GOAL OF THE EXERCISE:
Please output the listing exactly as it stands, but omit any images.

DATA BELOW:
★ ★ ★ ★

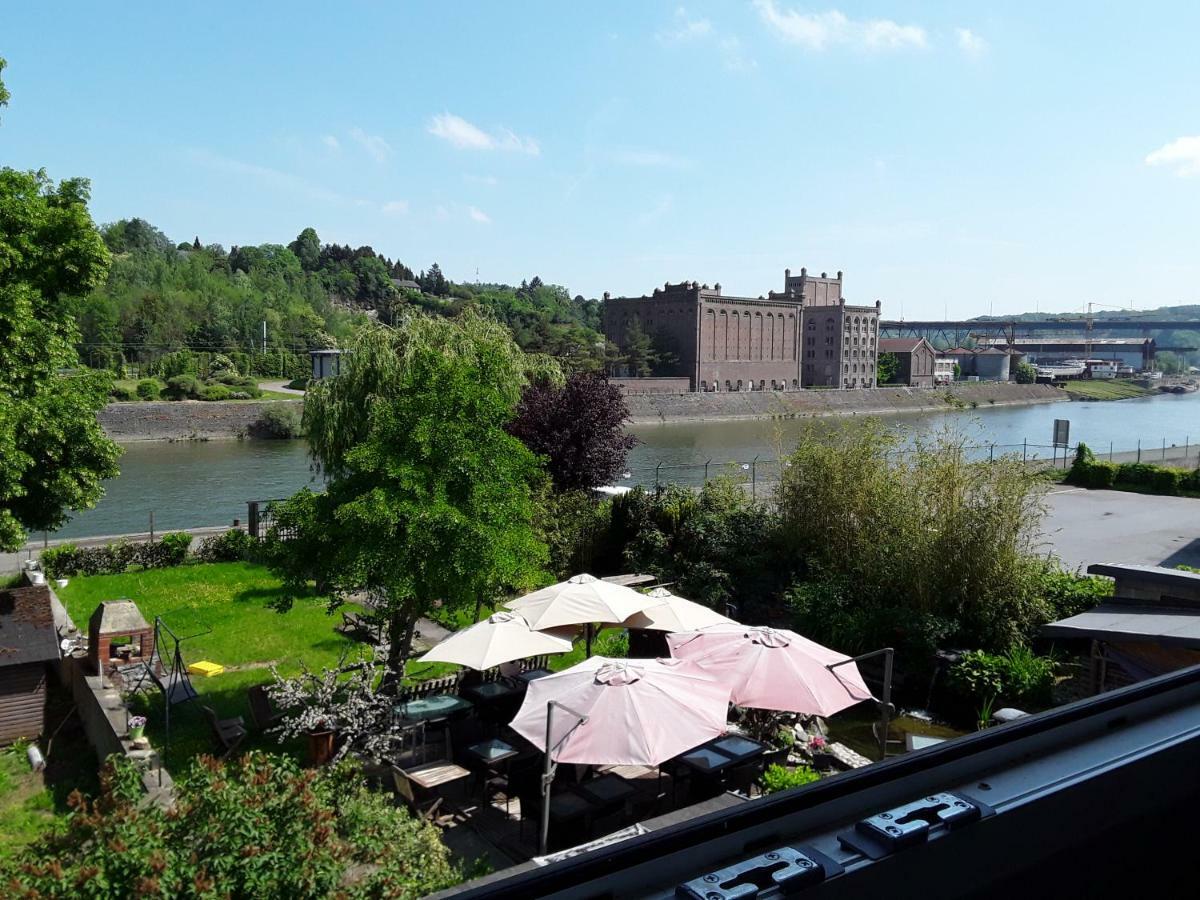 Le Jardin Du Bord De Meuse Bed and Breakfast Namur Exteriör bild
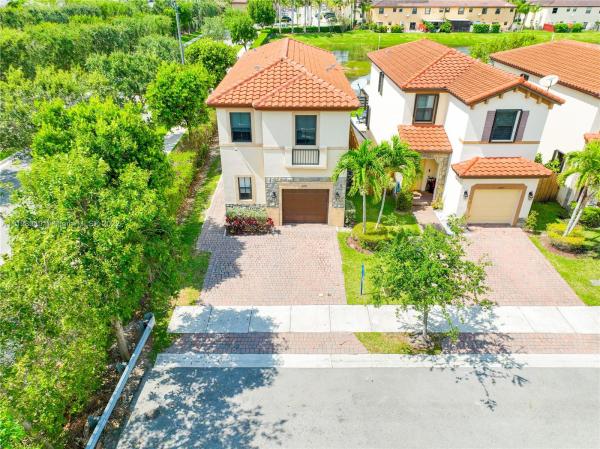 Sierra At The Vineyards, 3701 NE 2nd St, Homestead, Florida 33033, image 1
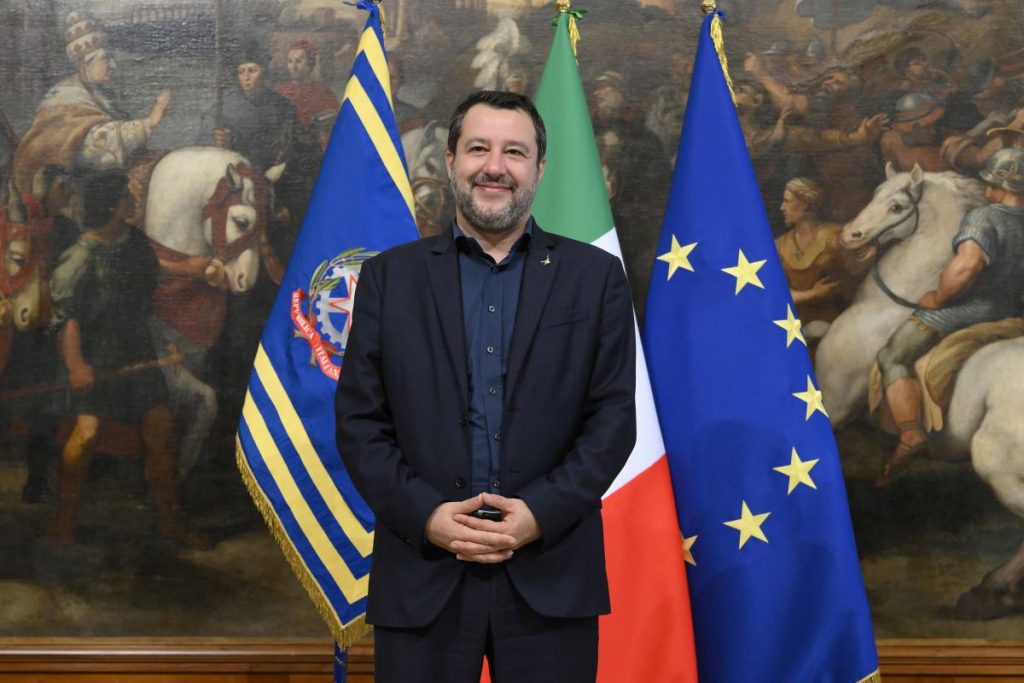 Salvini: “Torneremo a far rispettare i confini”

★ ★ ★ ★

ANSWER BOX:
 Le Jardin Du Bord De Meuse Bed and Breakfast Namur Exteriör bild
 Sierra At The Vineyards, 3701 NE 2nd St, Homestead, Florida 33033, image 1
 Salvini: “Torneremo a far rispettare i confini”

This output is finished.